* [RECORDS FOR THIS EXERCISE]:

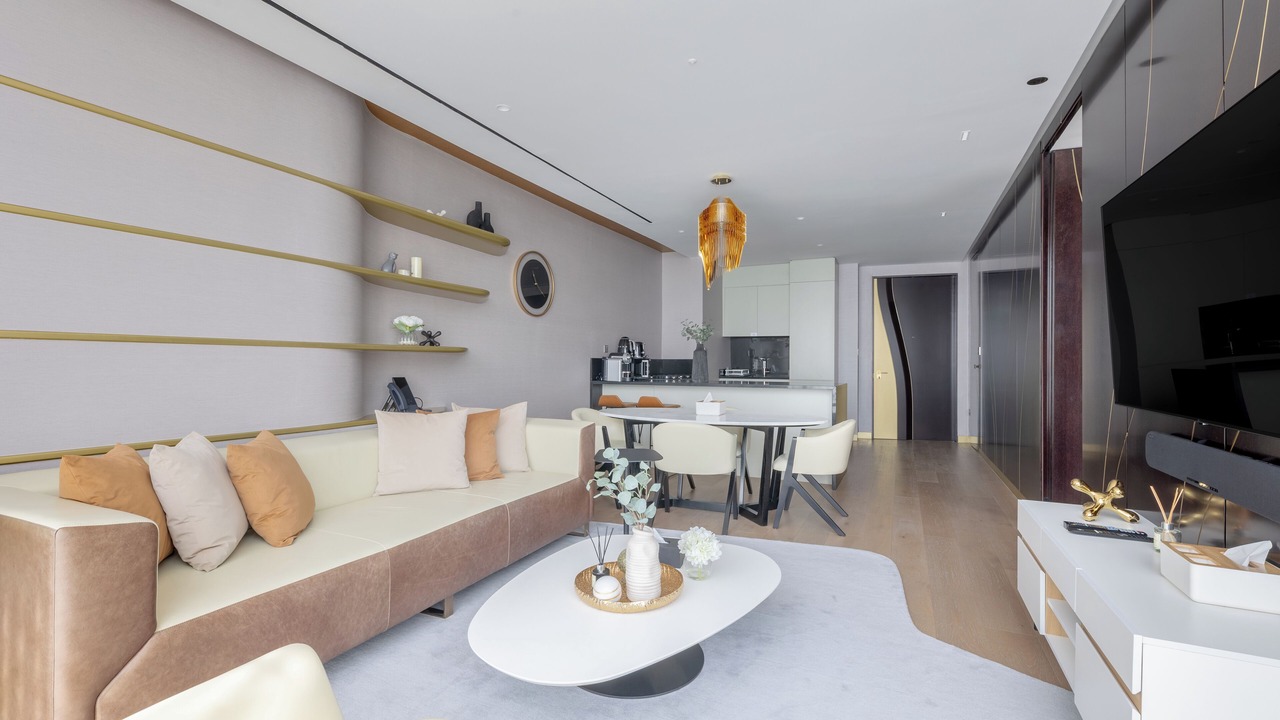 Photo of Livingroom in Downtown Dubai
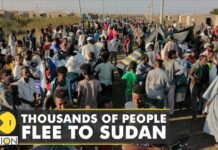 Amid Crackdown by the Ethiopian Government on the Tigrayan Rebels, Thousands of People Flee to Sudan, 1 January 2022
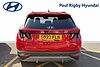 Hyundai TUCSON 1.6 T-GDi Plug-in Hybrid Ultimate 5dr 4WD Auto Red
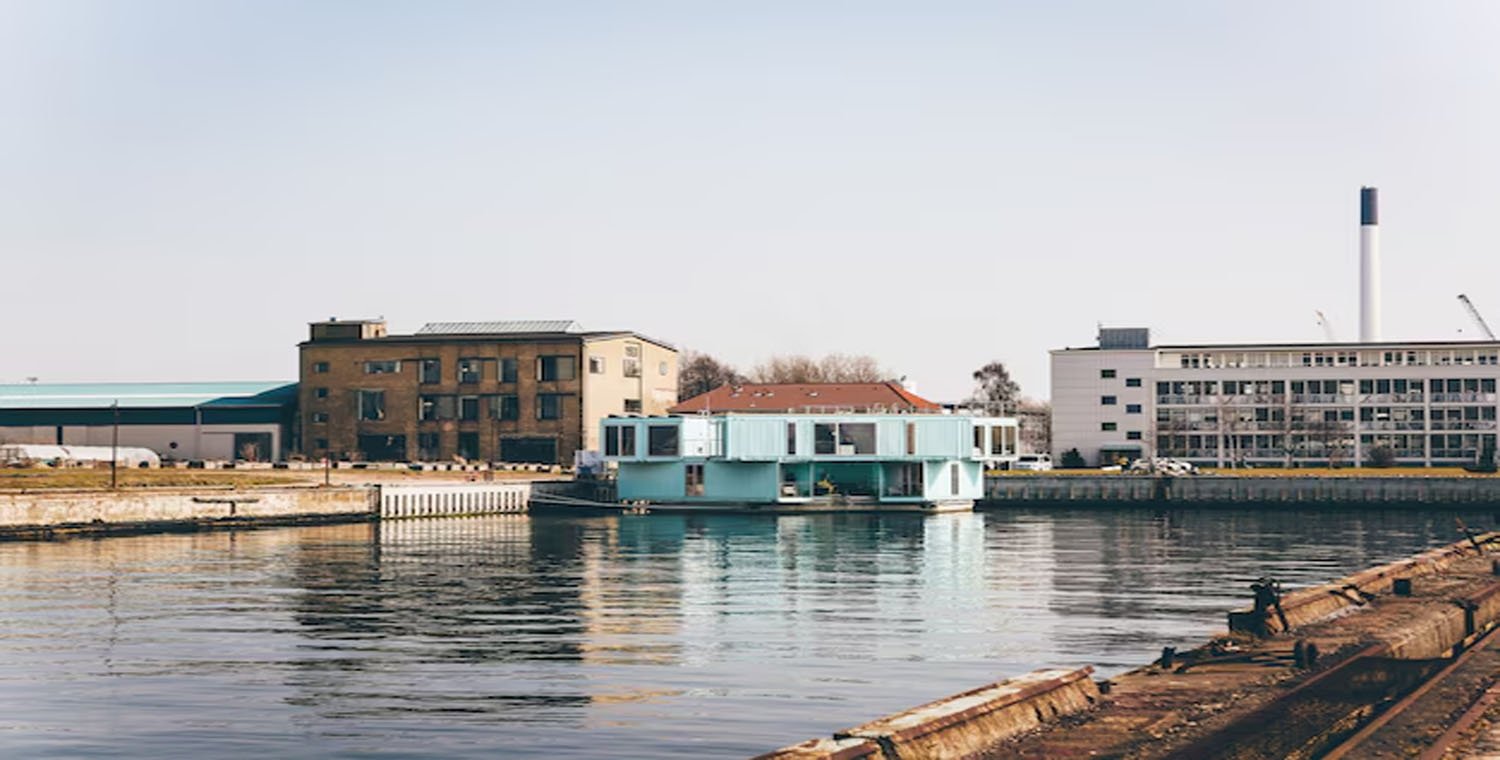 The Charm and History of Bateaux-Lavoirs: Floating Wash Houses of France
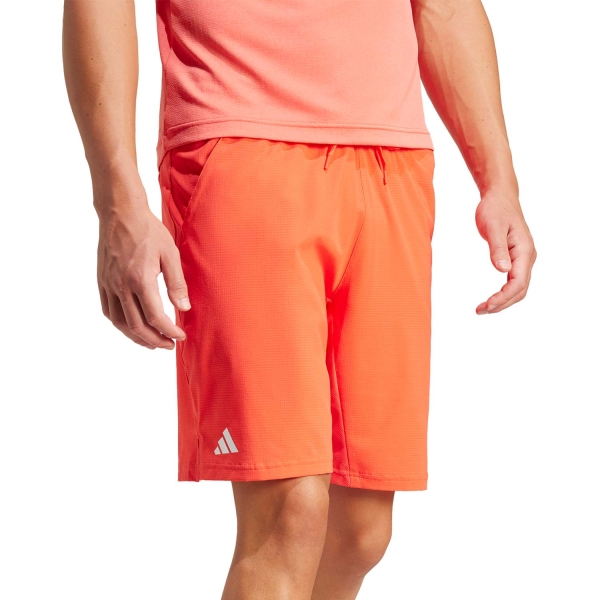Shorts Padel Hombre adidas Ergo 7in Shorts  Bright Red IQ4733
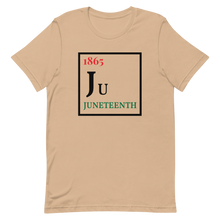 Load image into Gallery viewer, 1865 Juneteenth Periodic Table T-Shirt (Unisex)
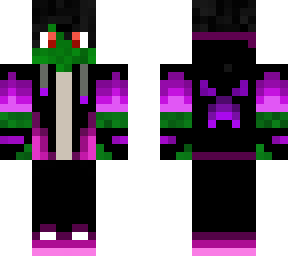 preview for Zombie Cyber Black Hair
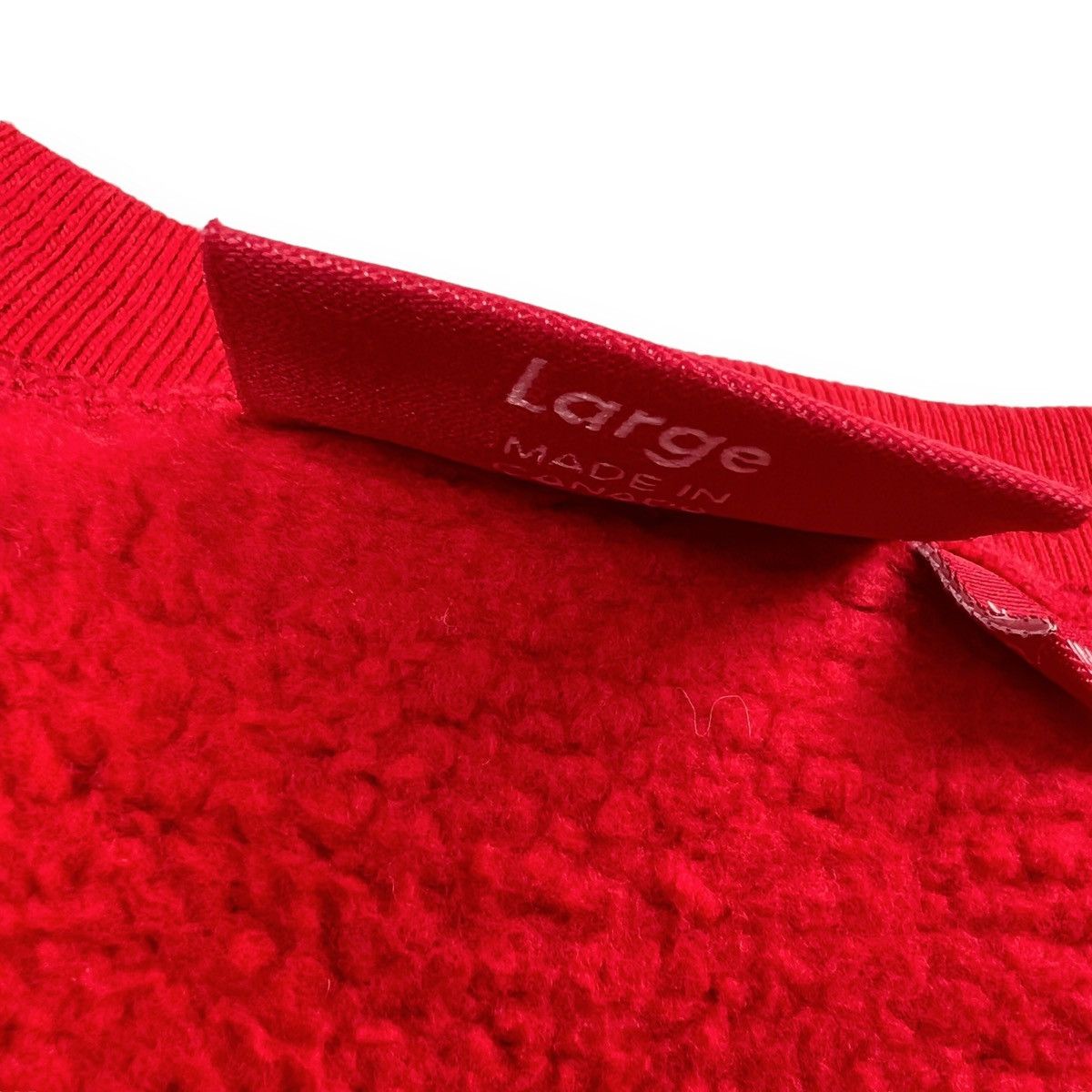 Supreme Supreme Shattered Logo Red Sweatshirt Size US L / EU 52-54 / 3 - 3 Thumbnail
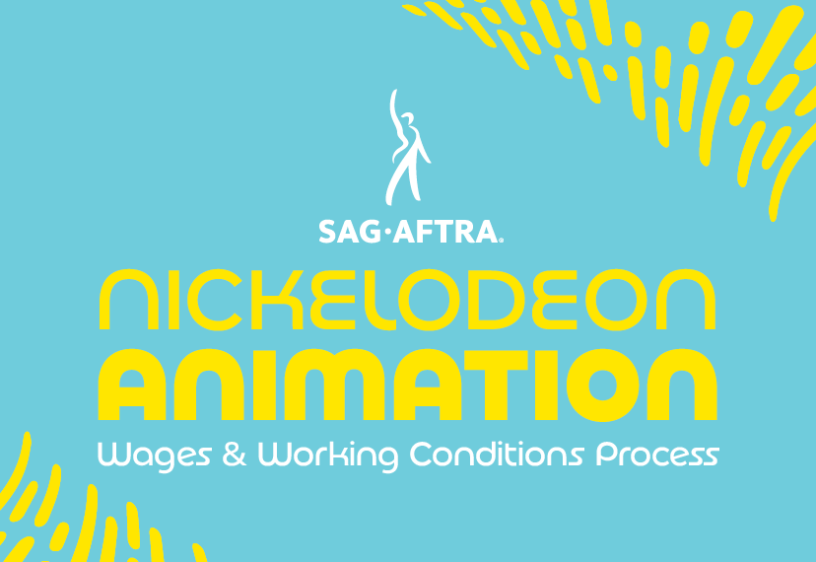 Reunión sobre salarios y condiciones laborales de Nickelodeon Animation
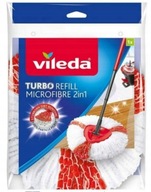 Rotačný mop Vileda Turbo 2v1 z mikrovlákna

* [REQUIRED WORK]:
Every line of the data above should be quoted exactly. Omit the pictures.

* [TASK RESULT]:
 Photo of Livingroom in Downtown Dubai
 Amid Crackdown by the Ethiopian Government on the Tigrayan Rebels, Thousands of People Flee to Sudan, 1 January 2022
 Hyundai TUCSON 1.6 T-GDi Plug-in Hybrid Ultimate 5dr 4WD Auto Red
 The Charm and History of Bateaux-Lavoirs: Floating Wash Houses of France
Shorts Padel Hombre adidas Ergo 7in Shorts  Bright Red IQ4733
 Load image into Gallery viewer, 1865 Juneteenth Periodic Table T-Shirt (Unisex)
 preview for Zombie Cyber Black Hair
 Supreme Supreme Shattered Logo Red Sweatshirt Size US L / EU 52-54 / 3 - 3 Thumbnail
 Reunión sobre salarios y condiciones laborales de Nickelodeon Animation
 Rotačný mop Vileda Turbo 2v1 z mikrovlákna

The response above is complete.